Kto zyska, a kto straci?
Największymi beneficjentami są „frankowicze”, którzy mogą skorzystać z anulowania zadłużenia. Porównując sytuację frankowicza, który kontynuuje spłatę kredytu, do tego, którego umowa została unieważniona, różnica w kosztach jest znacząca. Z drugiej strony, sektor bankowy stoi przed ryzykiem poniesienia kosztów nawet do 100 mld zł, co może wywołać ryzyko systemowe dla całego rynku finansowego. Jest to zatem dylemat pomiędzy indywidualnymi korzyściami a stabilnością systemu finansowego.
Wpływ na rynek finansowy
Ustawa frankowa, choć postrzegana jako rozwiązanie problemu zadłużenia, niesie ze sobą konsekwencje dla całego sektora finansowego. Komisja Nadzoru Finansowego i Ministerstwo Finansów nawołują do polubownego rozstrzygania sporów, mając na uwadze możliwe zagrożenie dla stabilności finansowej. Banki, w obliczu potencjalnych strat, mogą być zmuszone do szukania alternatywnych dróg ugód z kredytobiorcami.

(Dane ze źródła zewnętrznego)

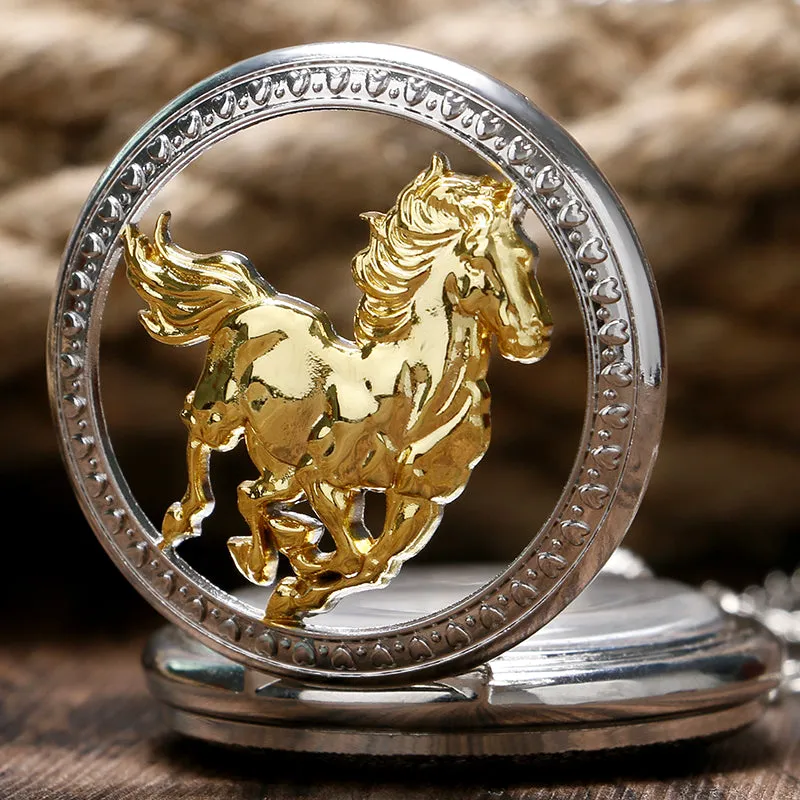 Luxurious Silver Golden Running Horse Pocket Watch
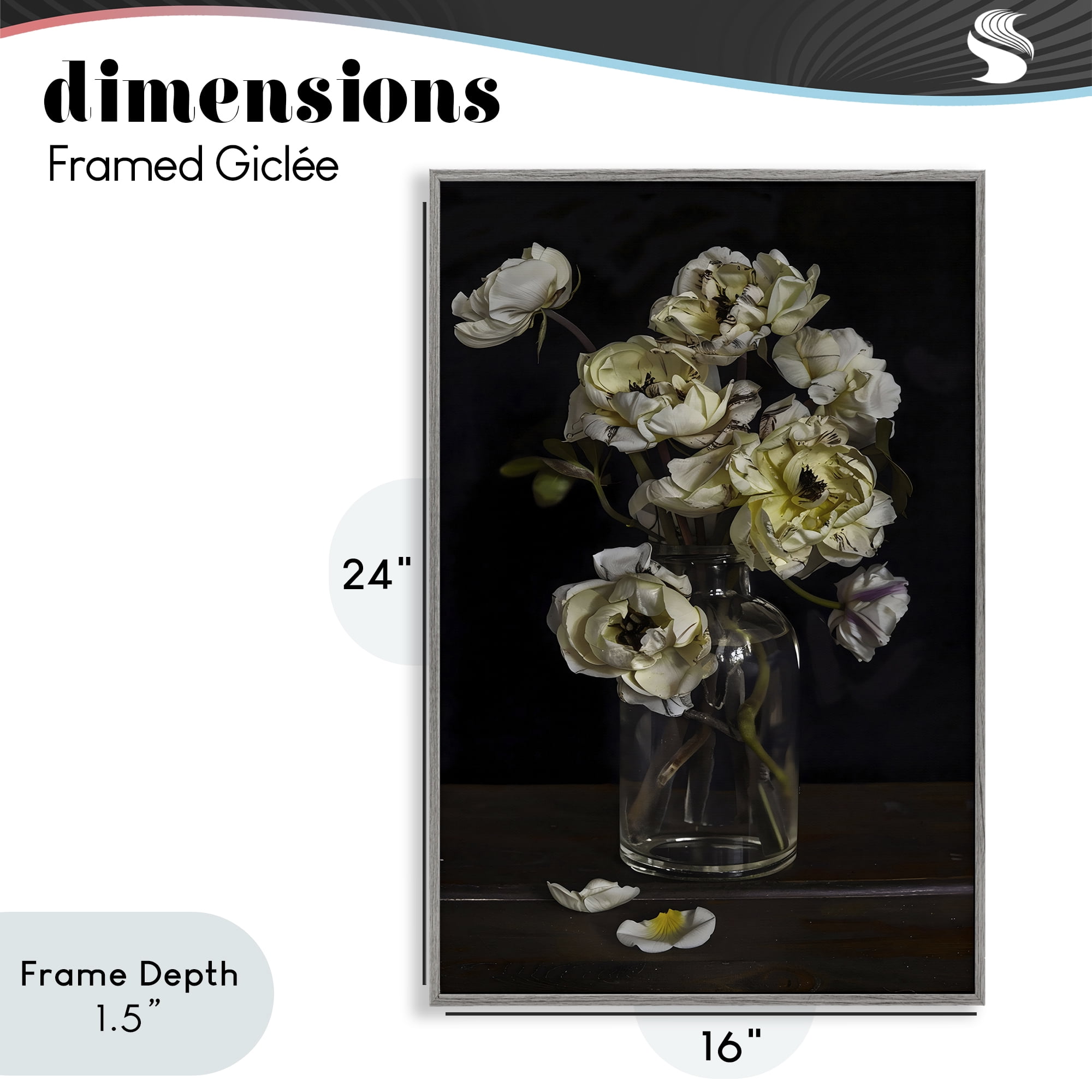 Stupell Industries Elegant Arrangement of Cream Blossoms Gray Framed Giclee Art, design by Creative Studio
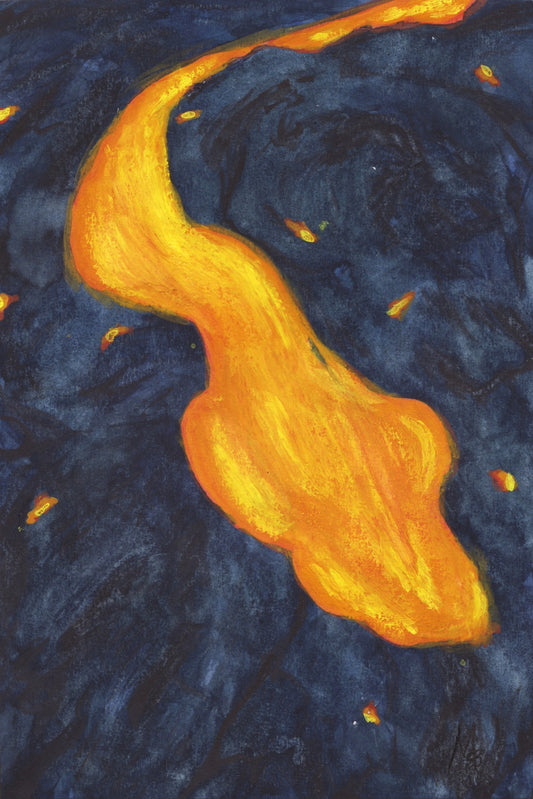 Painting of bright yellow and orange lava flowing down black volcanic rock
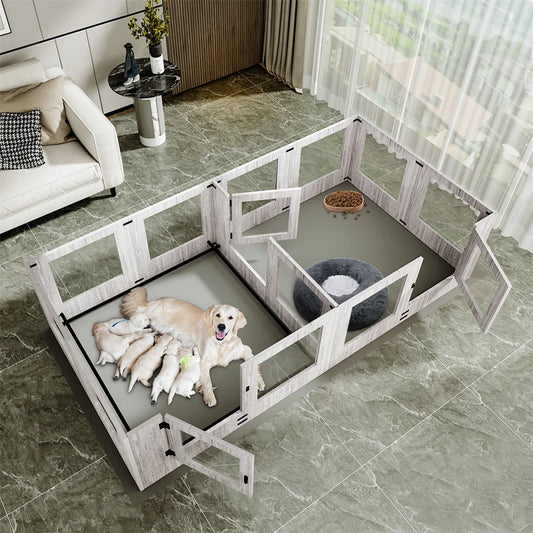 14-Panel Tempered Glass Pet Whelping Pen Box,Puppy Playpen Exercise Pen with Detachable Panels and Rails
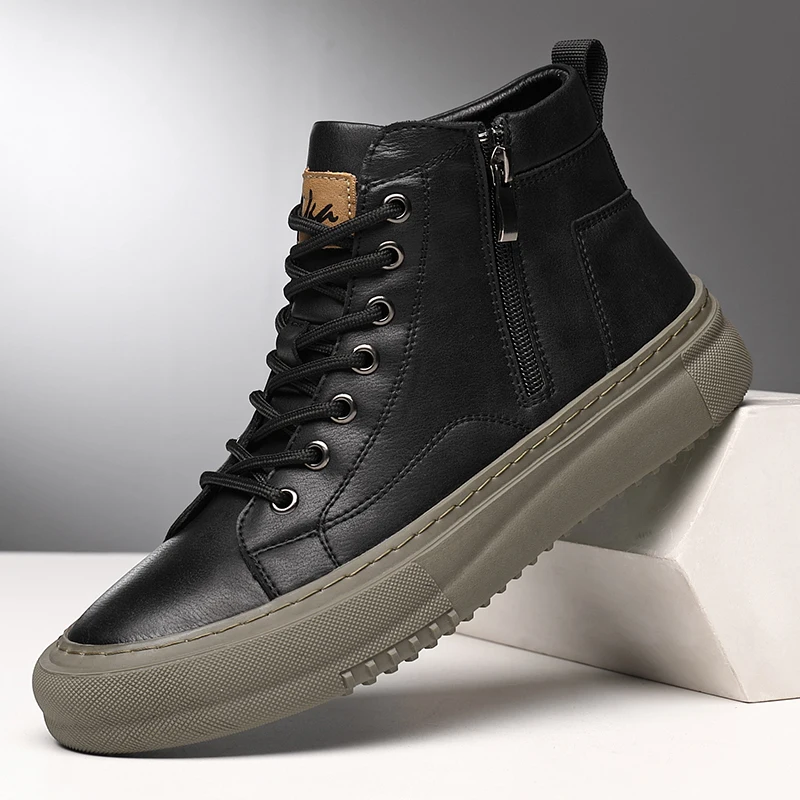 Bubuk Men's Spring and Autumn Style White Sneakers, New Trendy Versatile High-Top Sneakers, Summer Fashion Casual Men's Shoes, Breathable and Durable Sneakers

Przyszłość ustawy frankowej
Mimo niewątpliwych korzyści dla niektórych kredytobiorców, przyszłość ustawy frankowej jest niepewna. Rząd nie pracuje obecnie nad jej uchwaleniem, a wyroki Trybunału Sprawiedliwości UE nie są jednoznacznie korzystne dla banków. W tej sytuacji banki skłaniają się ku indywidualnym ugodom kredytowym, jednakże te często nie są tak opłacalne dla kredytobiorców jak wygrana w sądzie.
Podsumowanie
Ustawa frankowa to kompleksowy problem, który dotyka zarówno indywidualnych kredytobiorców, jak i cały sektor finansowy. Z jednej strony, oferuje ona rozwiązanie dla osób zadłużonych we frankach szwajcarskich, z drugiej – ryzyko finansowe dla banków i potencjalne zagrożenie dla stabilności rynku. Ostateczne rozwiązanie tego dylematu będzie wymagało zrównoważonego podejścia, które uwzględni zarówno potrzeby poszczególnych kredytobiorców, jak i stabilność systemu finansowego jako całości.